SOC Technology Failures — Do They Matter?

by Anton Chuvakin on December 10, 2021

SOC Technology Failures — Do They Matter?

Most failed Security Operations Centers (SOCs) that I’ve seen have not failed due to a technology failure. Lack of executive commitment, process breakdowns, ineffective workforces (often a result from poor management and lack of commitment … again) and talent shortages have killed more SOCs than any and all technology failures.

Example SOC Troubles from some presentation 🙂

As we are working on the next SOC paper jointly with Deloitte (paper 1, paper 2, paper 3 coming out really soon), we came across the need to review some of the current technology challenges in the SOC. Hence this blog was born.
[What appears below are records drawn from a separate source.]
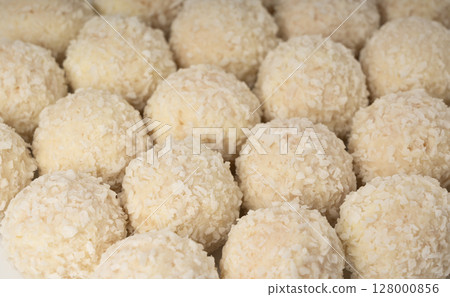 Coconut candies texture background, coco balls pattern. White truffle ball wallpaper, indian ladoo 128000856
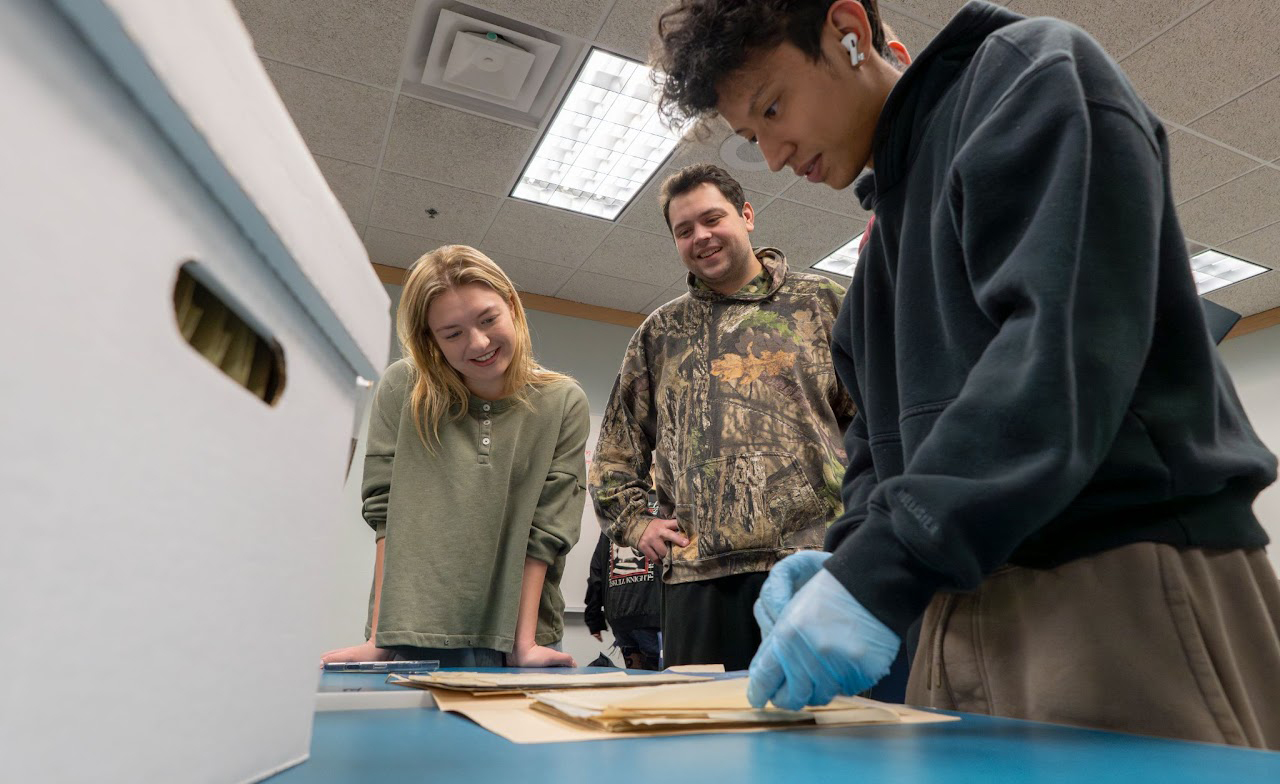 three college students looking at Congdon paper artifacts at the UMD Archives.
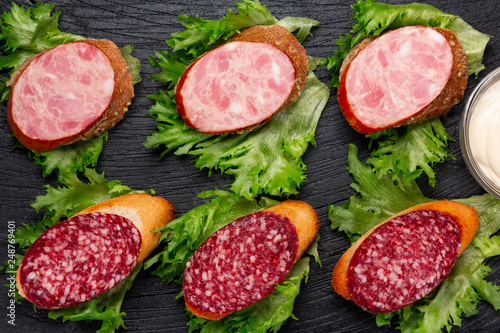 Several sandwiches with sausage and salami and sauce on a black board, flat lay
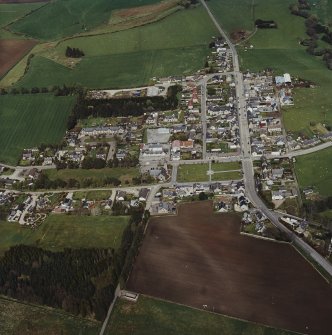 Oblique aerial view of Rhynie centred on the church, taken from the SW.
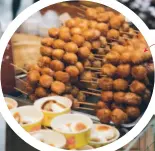  ??  ?? The rice balls from the Jinli street market are drizzled in sweet syrup and sprinkled with sesame seeds.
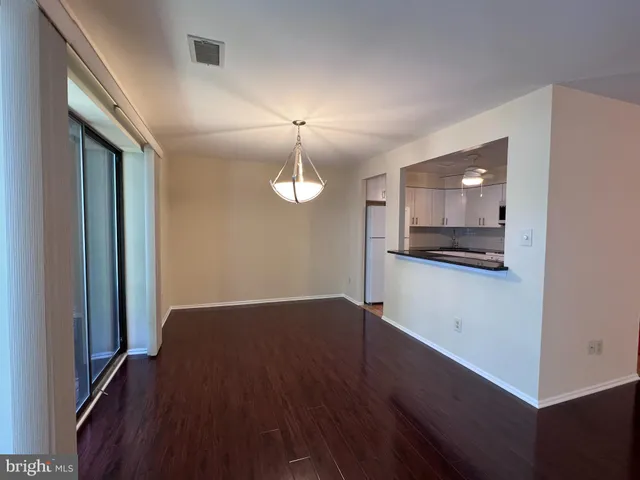an empty room with wooden floor mirror and windows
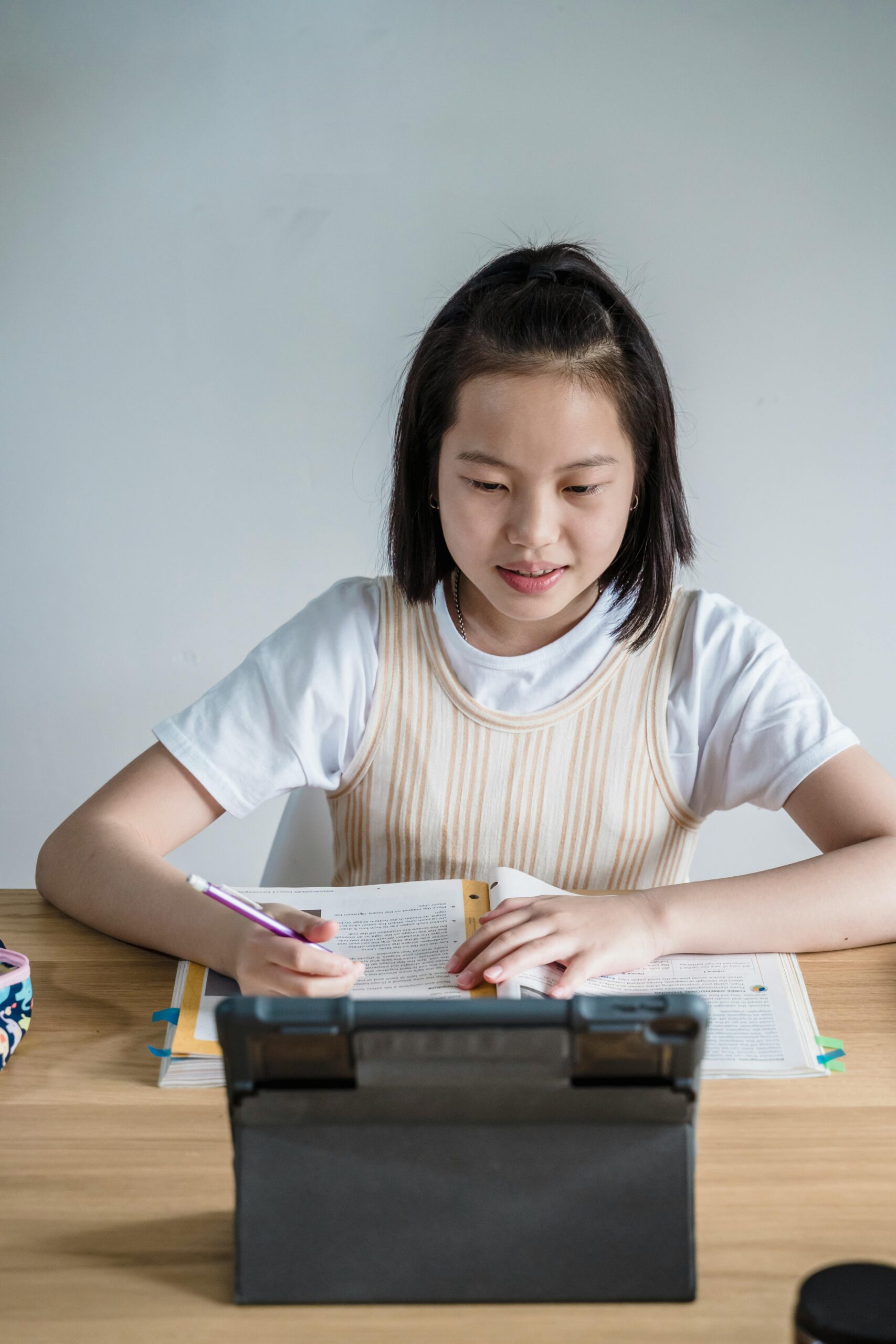 An Asian girl focusing on online classes, studying at a table indoors.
BTW, if somebody wakes me up at 3:00 a.m. and says “Anton, what is the top reason why a security operation center may fail?” I would name the loss of executive commitment. I have seen too many SOCs that decayed over time as management lost interest in their excellence, then in their performance and finally in their existence… Some of the noted breaches in the last decade can be traced to a SOC that was developed, refined and improved and then left to deteriorate (naïve outsourcing often played a role of a final nail in the coffin). On the flipside, there is nothing better to revive the presence of the SOC other than a major security incident — the trick is to keep the momentum going for years afterwards…
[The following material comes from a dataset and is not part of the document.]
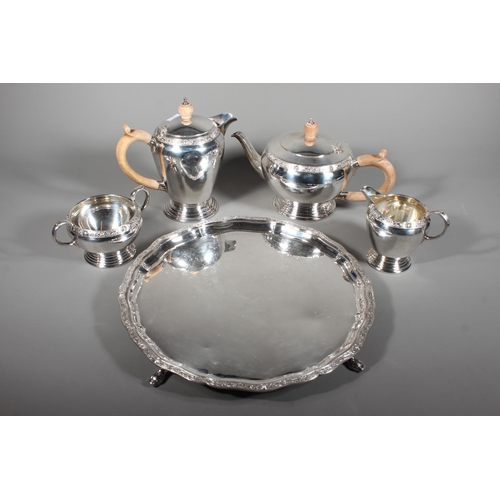 27 - Four piece silver tea service on matching tray, with Lindisfarne border decoration and stamp to base... 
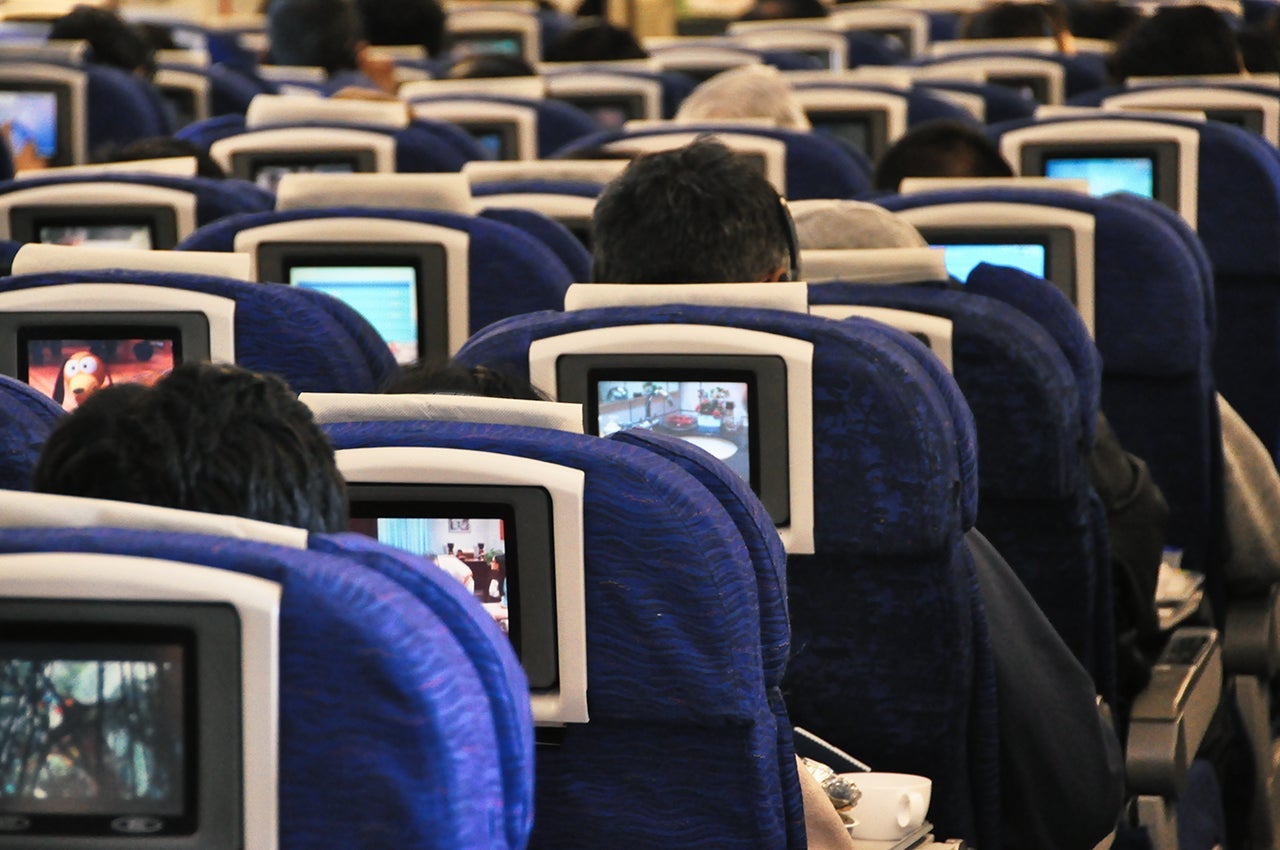 Rear View Of People Sitting In Airplane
But I digress. Let’s stick to mostly technology focused failures. An astute reader will notice that in the list below, some of the purported technology failures are really process failures in disguise. I apologize for this in advance 🙂

Scaling failures — Often when you get to POC an impressive new tool, the ability to scale is not truly understood and battle-tested until you onboard the tool into your workflow. There can be several dimensions to scaling from the ability to consume data, process data, store data, and make sense of all your unique data types at the scale you need it to be. Even the way you use the tool may cause unseen bottlenecks and affect your ability to scale. It’s far too often that vendors showcase a product’s abilities in it’s best and perfect use case, without little regard to scale. In other instances, the tool may have strong engineering behind it and truly have an ability to scale to many use cases, but a terrible user experience that makes everyone dread using it with the data volumes at hand (think drop-down menus with 2300 entries…) Or, the tool works, but only as long as you down-scope your collection efforts to below your actual security needs. Finally, the tool may “scale physically, but not economically” i.e. it will run at scale you need, but nobody can realistically afford it …

Sponsorships Available

Tool deployed and then not operationalized sounds like a process failure, or a people failure. I lamented on this back in 2012, and this affliction has not truly subsided. However, why are some tools sitting unused in those boxes while others develop an active and passionate user bases? You don’t think it can be about the tool at all? Perhaps the tool vendor made some incorrect assumptions about how their technology is really used in the real world? Or, overestimated it’s value a bit for a particular type of client? Or a client may have thought that deploying the tool and turning it on was “self-service” — only to realize that they should have paid for the consulting partner to make it work.

In other cases, the tool “does runs, but does not work” (my name for failure to design the tool to be usable in real-world environments). There are also piles of tools that are deployed and used in production — but only 10% of the capabilities are utilized. Some technologies seem valuable, but are such a burden to maintain and use in real life that it is practically impossible. SOC should not spend time / resources managing such technologies. If your key SOC technology (whether you call it a SIEM or not) is that hard to manage, toss it, buy SaaS-based technology.

All in all, SOCs that have to manage too many tools suffer. A pile of boxes (yes, and cloud services) that need care and feeding, tuning, refining can overwhelm even a large team. Buy what you would use, and use what brings value!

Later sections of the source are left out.